| STORED DATA |
###

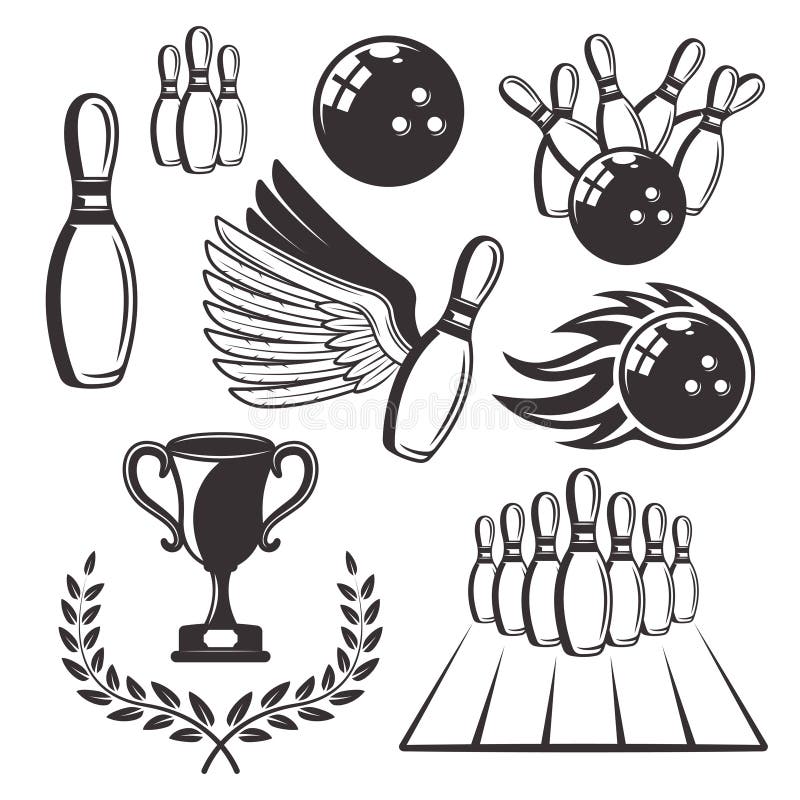 Set de bowling pentru elemente retrovizoare de culoare neagră vectoriale. Set de popice pentru elemente de design de culoare neagră vectorială și obiecte izolate pe fond alb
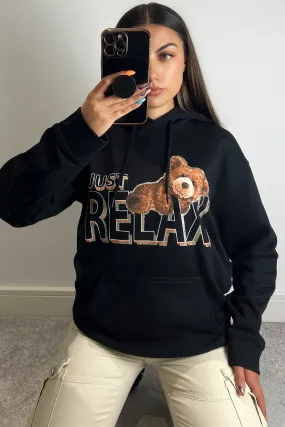 Clarissa Black Relax Teddy Graphic Print Oversized Hoodie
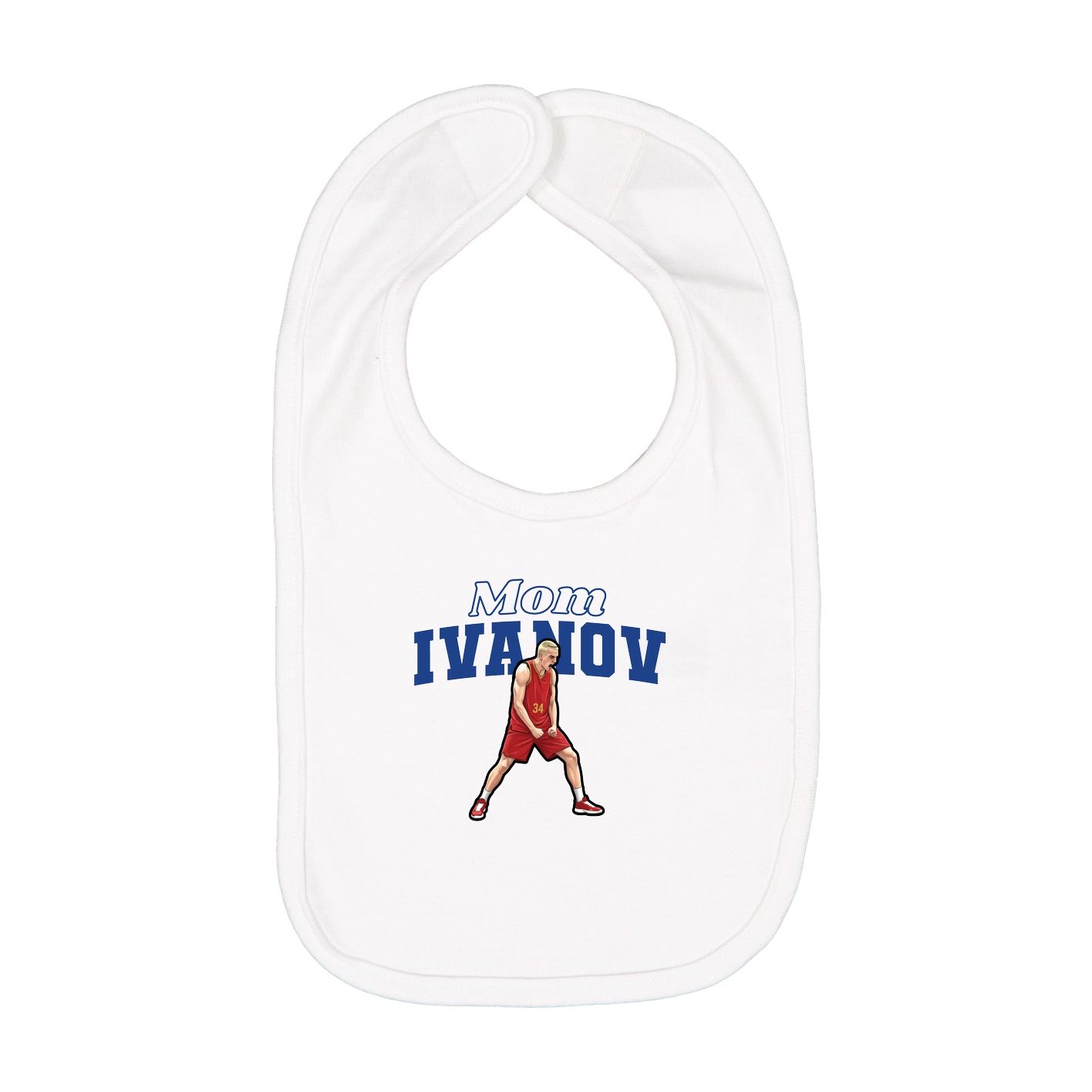 Infant Bib — Mothers Day Block in White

###

| PROBLEM TO WORK ON |
Only the text of the listing above is wanted, transcribed exactly, without its images.

| SOLUTION FOR THIS PROBLEM |
 Set de bowling pentru elemente retrovizoare de culoare neagră vectoriale. Set de popice pentru elemente de design de culoare neagră vectorială și obiecte izolate pe fond alb
 Clarissa Black Relax Teddy Graphic Print Oversized Hoodie
 Infant Bib — Mothers Day Block in White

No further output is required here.